**WHAT YOU ARE ASKED TO DO**
Take the records below and extract, word for word, the lines from the one containing "Alocasia Polly. Alocasia" through the final line, inclusive. Omit pictures.

**DATA RECORDS**

════════

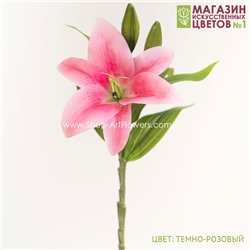 Лилия малая - темно-розовый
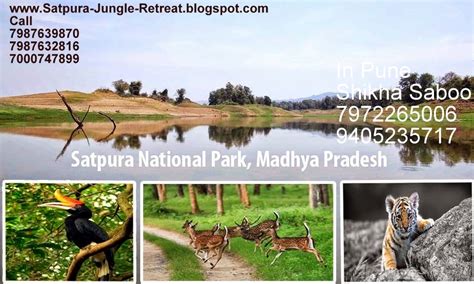 Satpura jungle lodge tariff, hotels in satpura national park, resorts ...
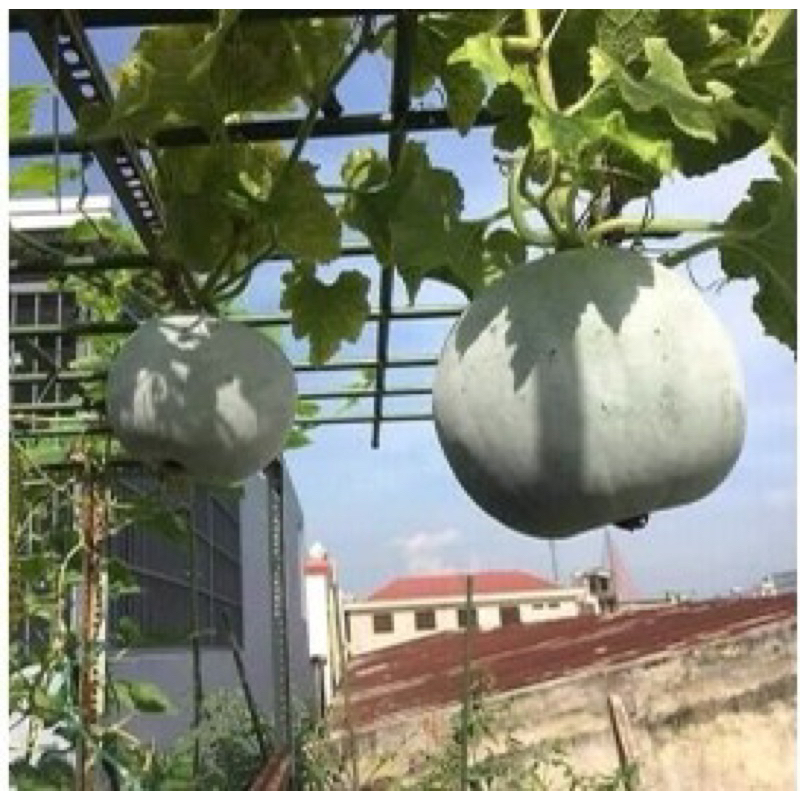 Hạt giống bí thơm Thái Lan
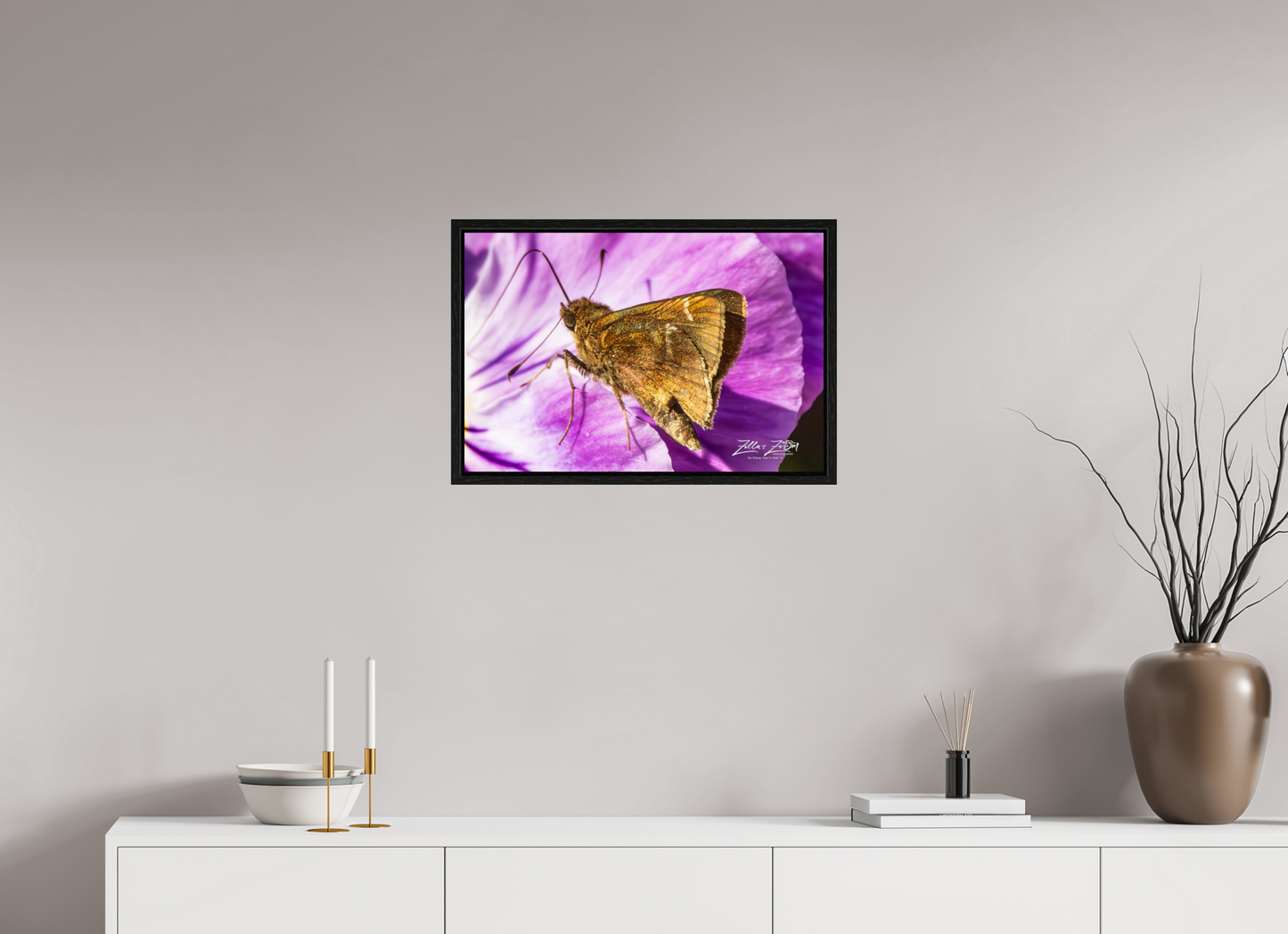24 x 16″, Floater Frame Zillas Zoom Image 62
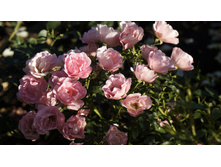 �������������� Sommerwind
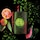 Black Opium Illicit Green - Eau de Parfum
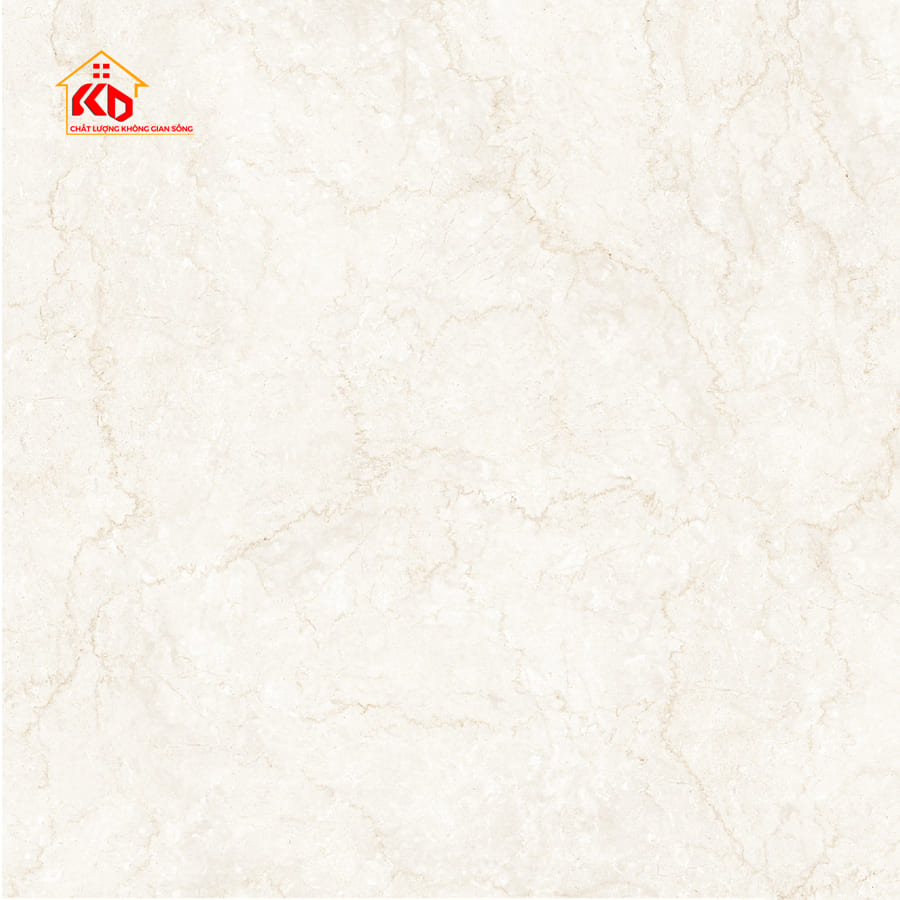 Gạch Eurotile 120x120cm THT S04P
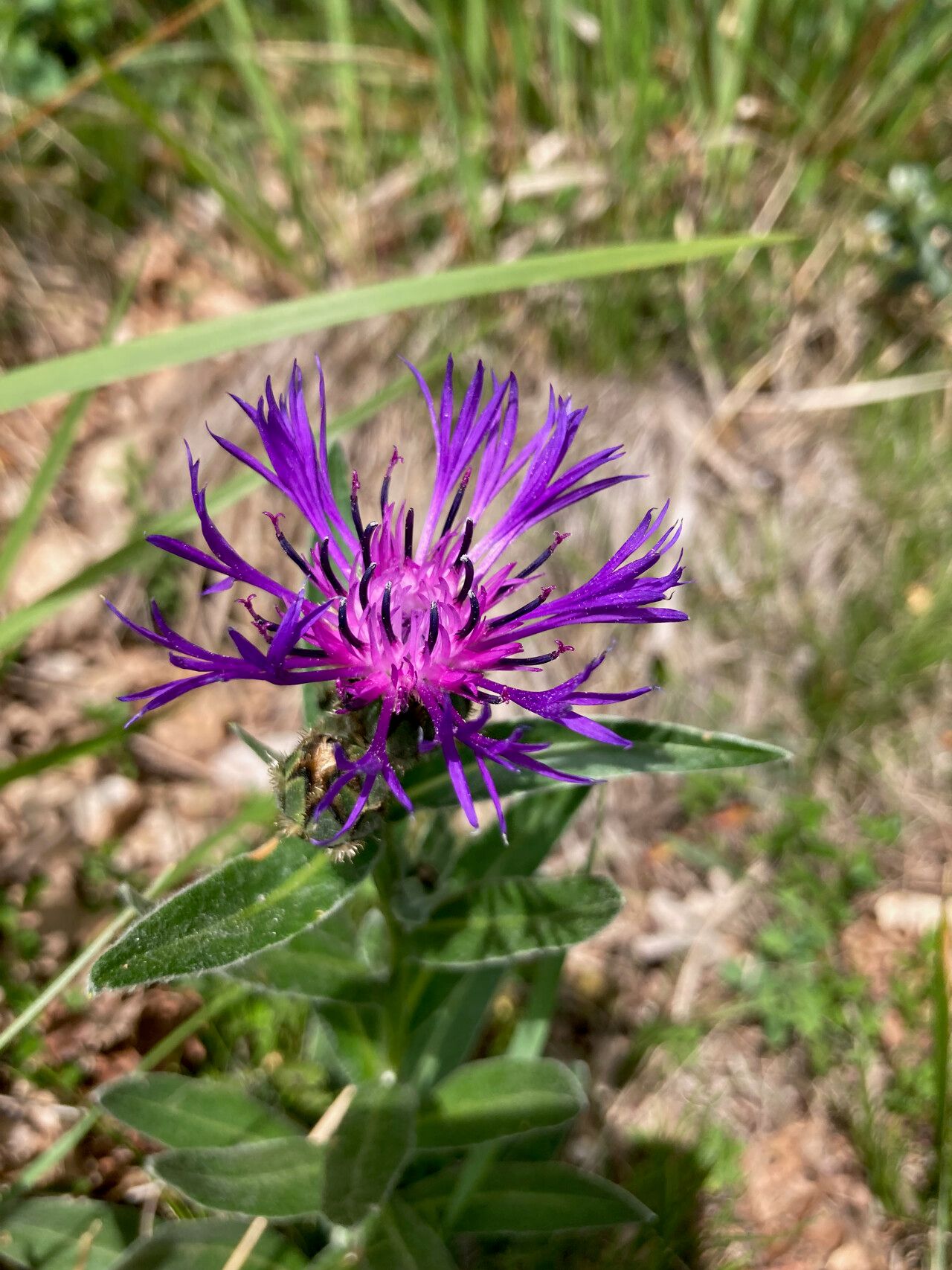 Centaurea semidecurrens flower
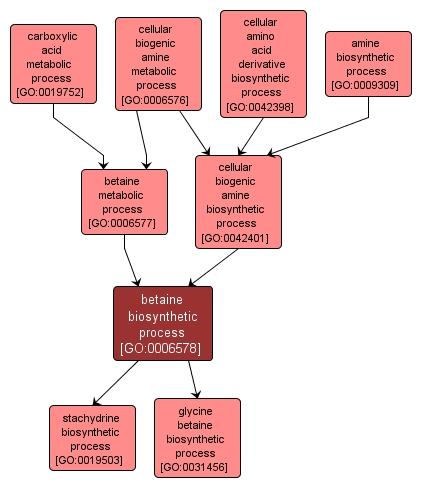 GO:0006578 - betaine biosynthetic process (interactive image map)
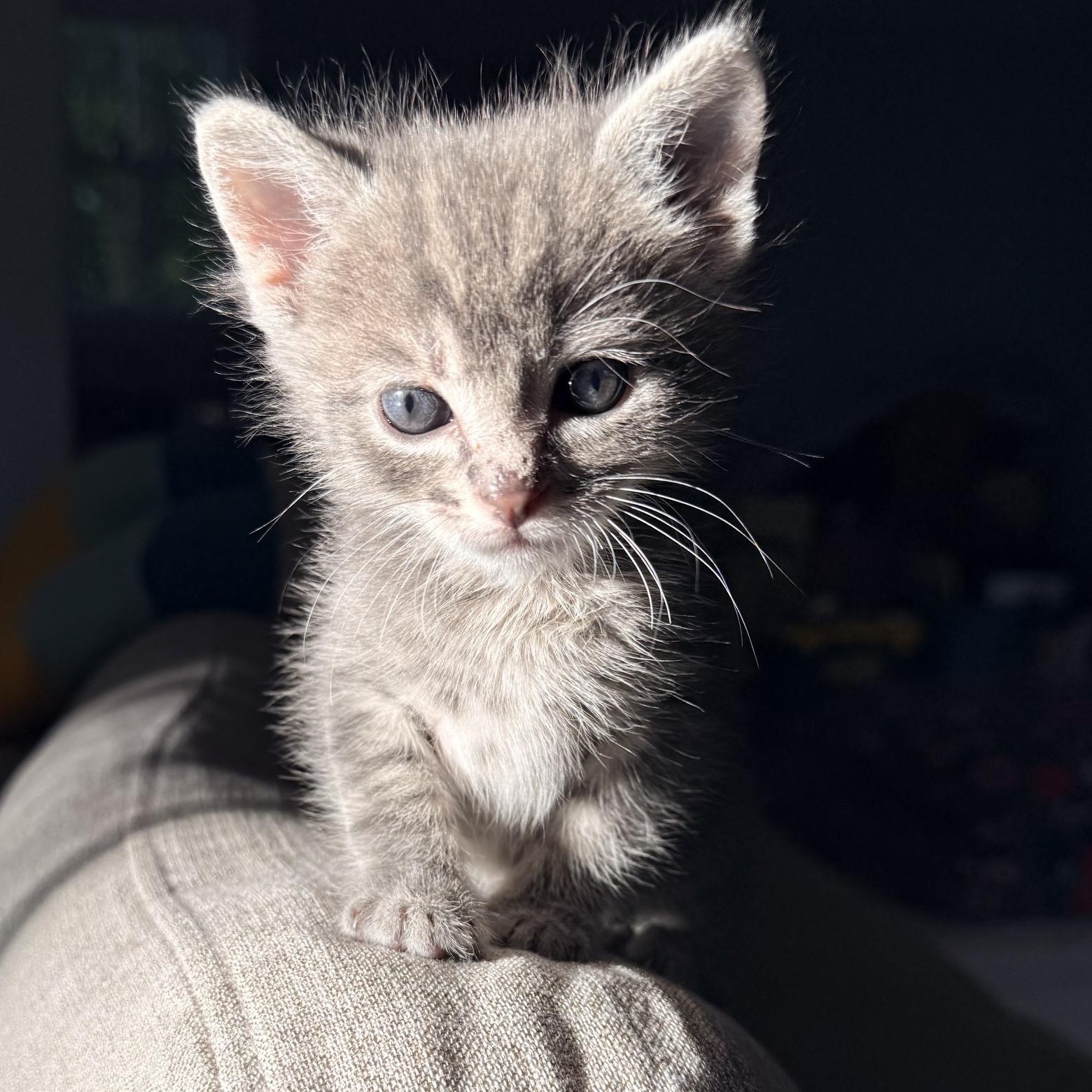 Edwards - Athens GA, adopted, Kitten Male Domestic Short Hair.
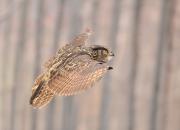 Bubo bubo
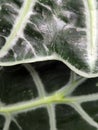 Alocasia Polly. Alocasia leaves. Floral background with green leaves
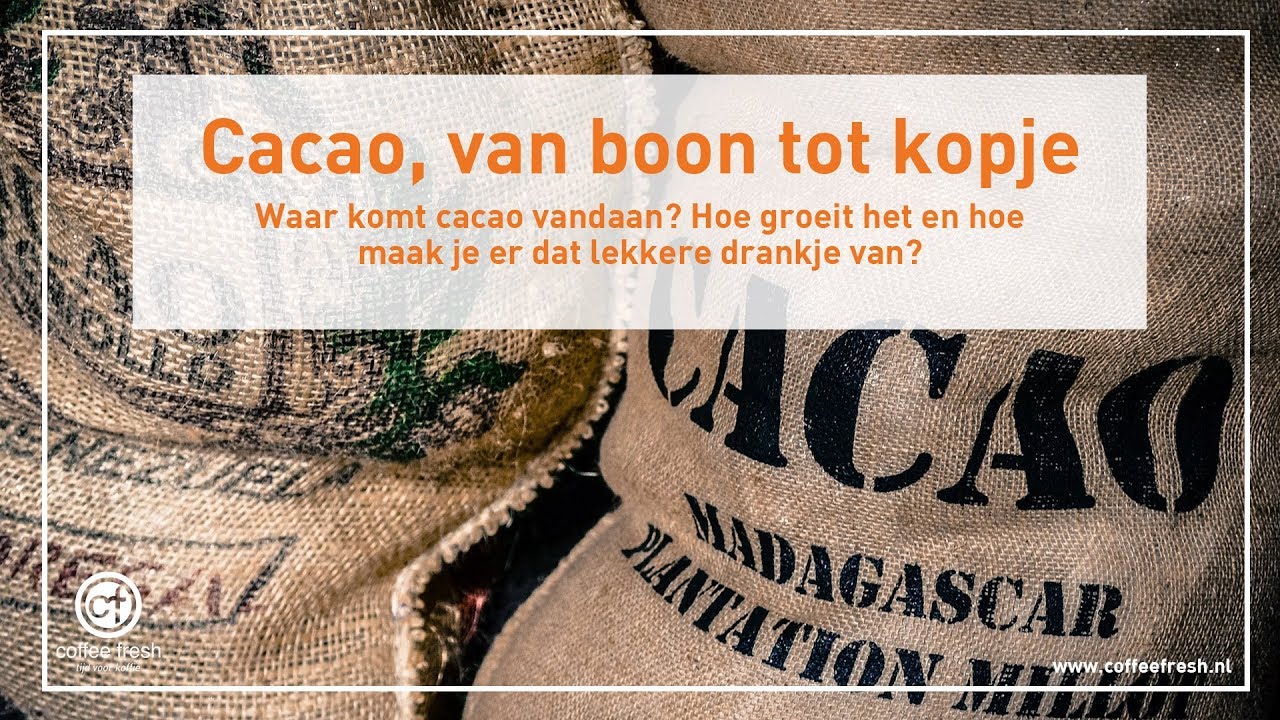 Cacao, de weg van boon tot kop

════════

**RESULT FOR THIS TASK**
 Alocasia Polly. Alocasia leaves. Floral background with green leaves
 Cacao, de weg van boon tot kop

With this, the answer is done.